OLUMSUZ DEĞERLENDİRMELER
Karnede dikkat çeken olumsuz noktalar ise şu şekilde sıralandı:
- Kömür Israrı: Afşin-Elbistan A Kömürlü Termik Santrali’nin genişletme planları ve kömürden çıkış tarihinin açıklanmaması.
- Nükleer Enerji Taahhüdü: Nükleer enerji kapasitesinin 2050’ye kadar üç katına çıkarılması planı.
- İklim Kanunu Belirsizliği: Sivil toplum katılımıyla hazırlanmayan İklim Kanunu taslağının hâlâ Meclis’e sunulmaması.
- Fosil Yakıtlardan Çıkış Eksikliği: 2053 Uzun Dönemli İklim Stratejisi’nde fosil yakıt kullanımından vazgeçilmesine yönelik bir planın yer almaması.

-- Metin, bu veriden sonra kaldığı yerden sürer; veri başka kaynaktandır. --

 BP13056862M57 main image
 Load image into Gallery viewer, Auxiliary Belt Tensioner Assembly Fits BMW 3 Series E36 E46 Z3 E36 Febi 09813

AFŞİN-ELBİSTAN SANTRALİ GENİŞLETME PLANLARI
Kahramanmaraş’taki Afşin-Elbistan A Kömürlü Termik Santrali’ne iki yeni ünite eklenmesi planlanıyor. Ancak mevcut santralin emisyon değerlerinin yönetmelik sınırlarını 8 kat aştığı belirtiliyor. Çevresel ve sağlık sorunlarıyla gündeme gelen bölgede bu projenin iptal edilmesi gerektiği vurgulanıyor.
NÜKLEER ENERJİ BAĞIMLILIĞI
COP29’da açıklanan plan kapsamında, Türkiye’nin nükleer enerji kapasitesini 2050 yılına kadar üç katına çıkarma hedefi tartışma yarattı. Özellikle Akkuyu Nükleer Santrali’nin yüksek maliyetli elektrik üretimi eleştirildi. Uzmanlar, nükleere ayrılacak kamu kaynaklarının yenilenebilir enerjiye yönlendirilmesi gerektiğini savunuyor.